▸ TASK DETAILS: Before copying, set the pictures aside; then repeat every line below verbatim.
Start of RECORDED INFORMATION
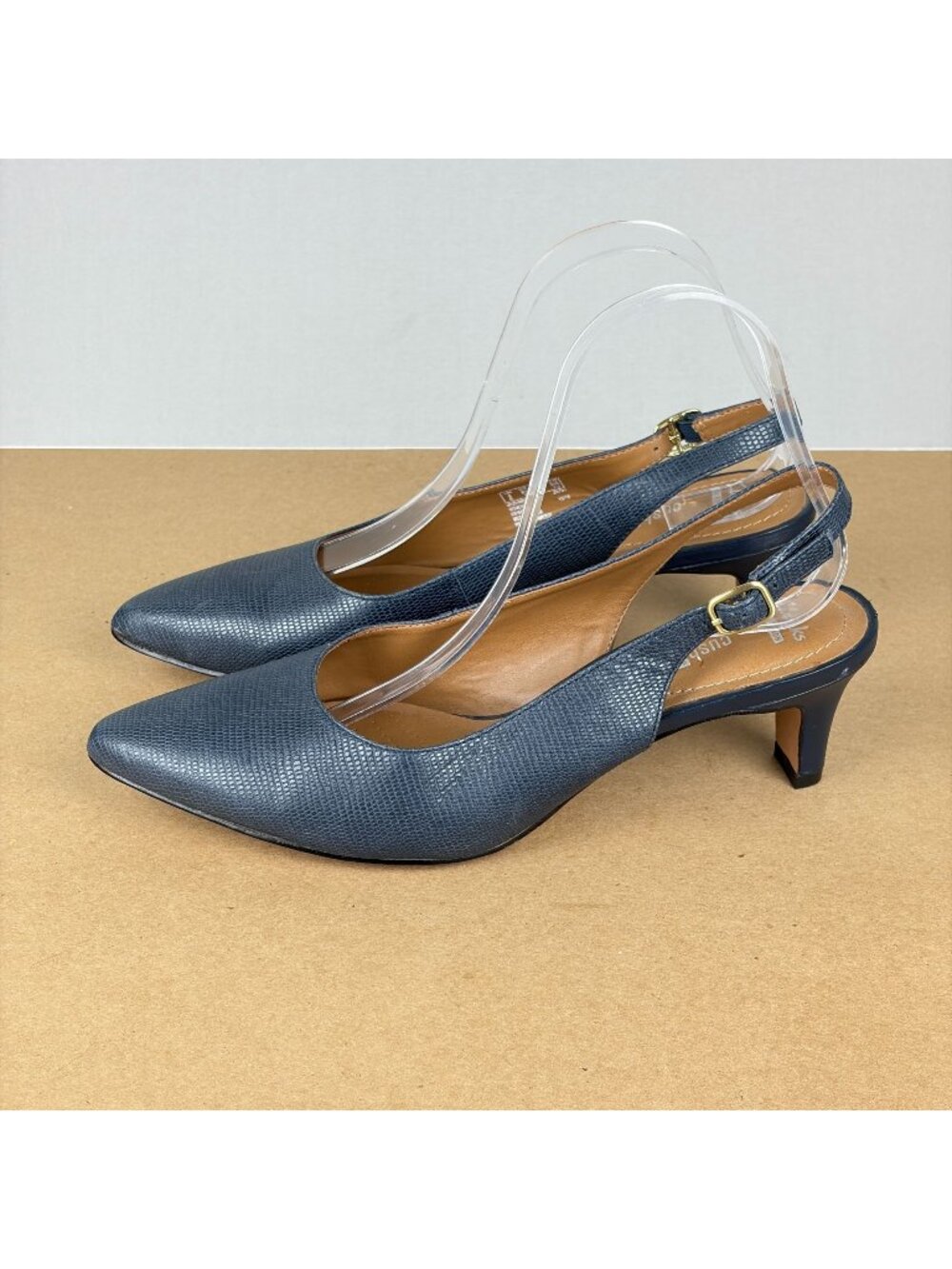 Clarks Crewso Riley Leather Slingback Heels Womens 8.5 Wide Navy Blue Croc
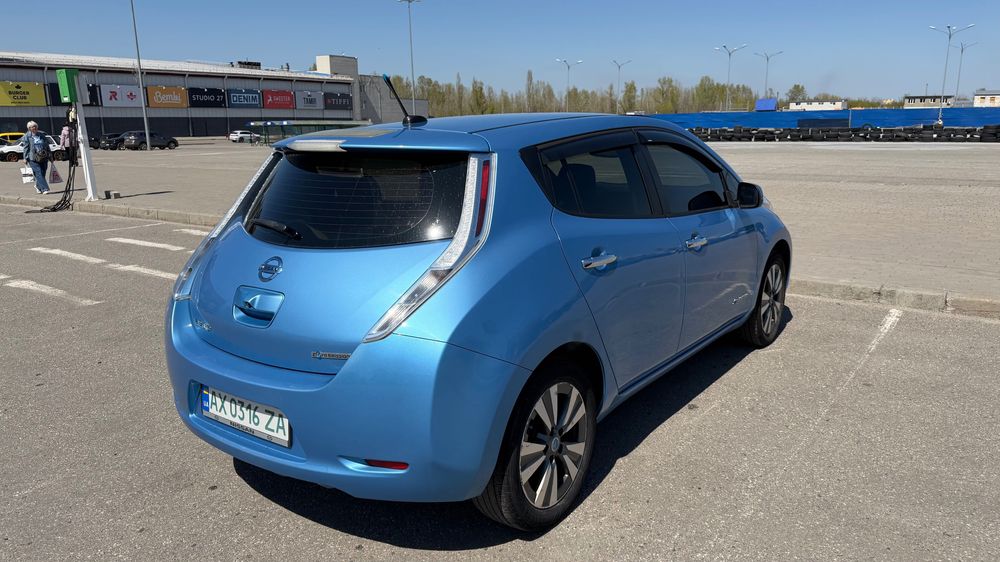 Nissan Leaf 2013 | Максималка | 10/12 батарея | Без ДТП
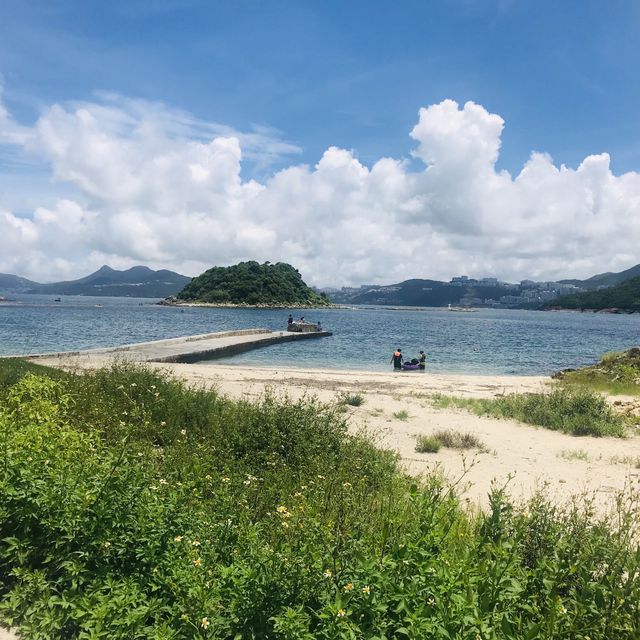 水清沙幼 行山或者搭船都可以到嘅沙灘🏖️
End of RECORDED INFORMATION
▸ ANSWER SECTION:
 Clarks Crewso Riley Leather Slingback Heels Womens 8.5 Wide Navy Blue Croc
 Nissan Leaf 2013 | Максималка | 10/12 батарея | Без ДТП
 水清沙幼 行山或者搭船都可以到嘅沙灘🏖️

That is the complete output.